Thanks to Janie for her advice-filled post about broaching the subject of crossdressing with a (more specifically, my) significant other. As her post mentions, it’s a response to one of my posts from a while back about how I’m looking forward to when my now fiancee starts school again this fall so I may have a few more opportunities to dress. She also links to a post from Gabrielle over at myCDlife about how to tell your wife that you’re a crossdresser. Between both of these posts, there’s plenty of advice which I will certainly retain for when I do eventually build up the confidence to tell.

But first, a quick story… living with my girlfriend has posed a challenge that by now you know is self-imposed: how to dress without her knowing or finding out. Some nights, we’d go out for a few drinks but stay out later and drink more than anticipated. She would often hurry into bed immediately upon arriving at home, a cross between being a bit drunk and definitely exhausted from a long day and late night, while I would stay up for a bit to watch SportsCenter and head to bed well after she has fallen asleep. Over time, I began to notice that I had an hour or two to myself and I started to take those opportunities to slip into some of the less cumbersome pieces of my wardrobe, with breastforms, high heels and all, and just lounge around dressed comfortably (t-shirt and boyshorts usually). I’d even step out onto our balcony to smoke a quick cigarette, unafraid that someone in an adjacent building might be awake and notice me.
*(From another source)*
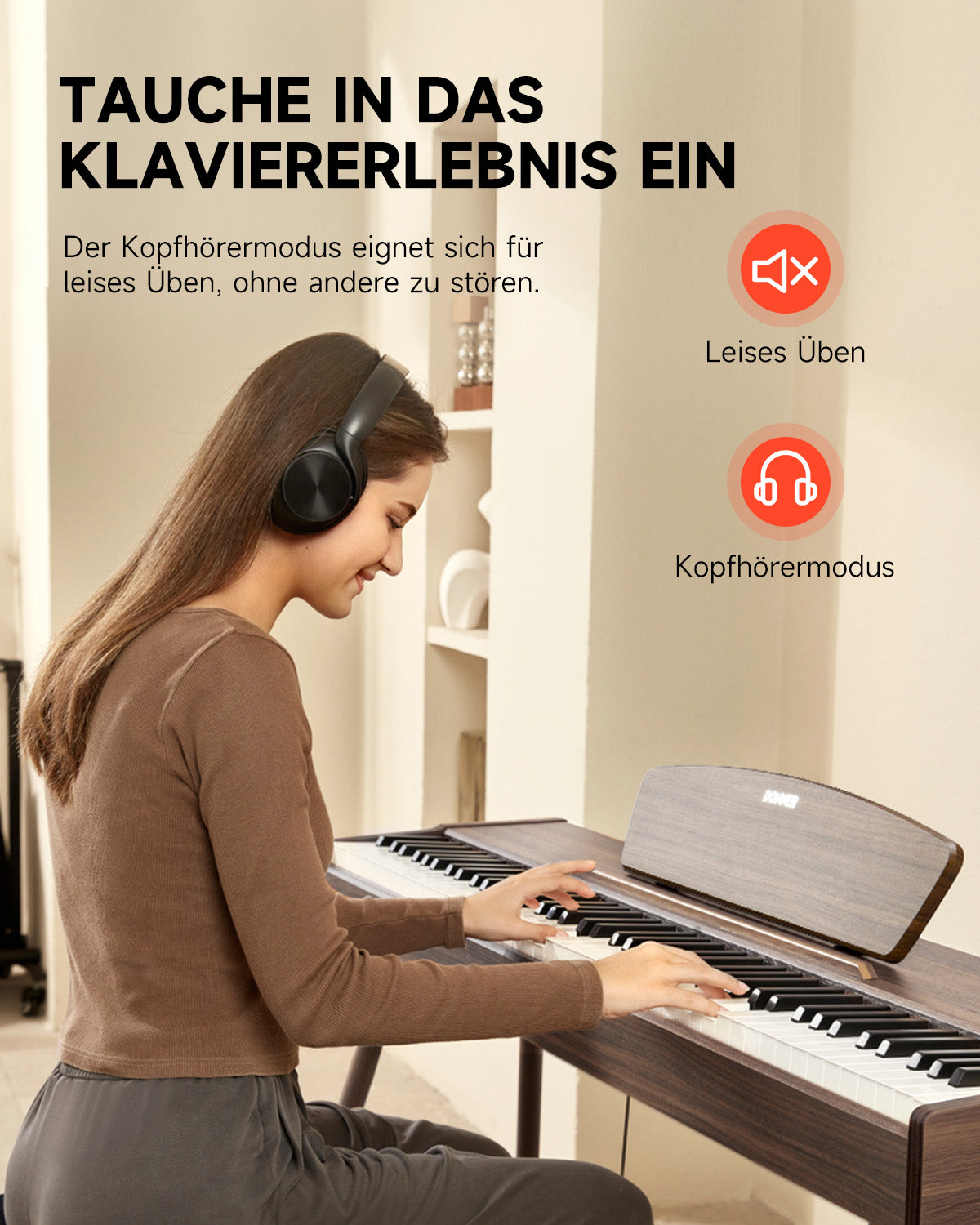Donner DDP-80 Digital piano im Holzdesign-Walnut##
I don’t remember exactly when this happened – I think about 7 or 8 months ago (and for the record, I was going to tell this story as part of the “Old Stories” category sometime soon actually) – but one night while dressed in my typical comfy clothes, I fell asleep on the couch. My girlfriend, having been in bed for almost two hours now, felt that I wasn’t there beside her and woke up. (This happens occasionally, where subconsciously she knows I’m not there, wakes up, finds me passed out in the living room, and wakes me up to come to bed.) But this time…
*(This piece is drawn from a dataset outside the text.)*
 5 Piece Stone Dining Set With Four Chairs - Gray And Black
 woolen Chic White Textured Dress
She came out to the living room and saw me there on the couch… Boyshorts. Tight t-shirt. Breasts. High heels. Ohmygod.

Sensing her, I woke. Of course, she freaked out. Started to cry. Stood there hesitantly, wondering what to do or say. All the questions you would expect were thrown at me in one quick instant. “How long have you been doing this?” “When?” “Why?” “What does this mean?” In the meantime, I scrambled. Shoes off. Breastforms out. Standing there in the living room, I as well freaked out quite a bit.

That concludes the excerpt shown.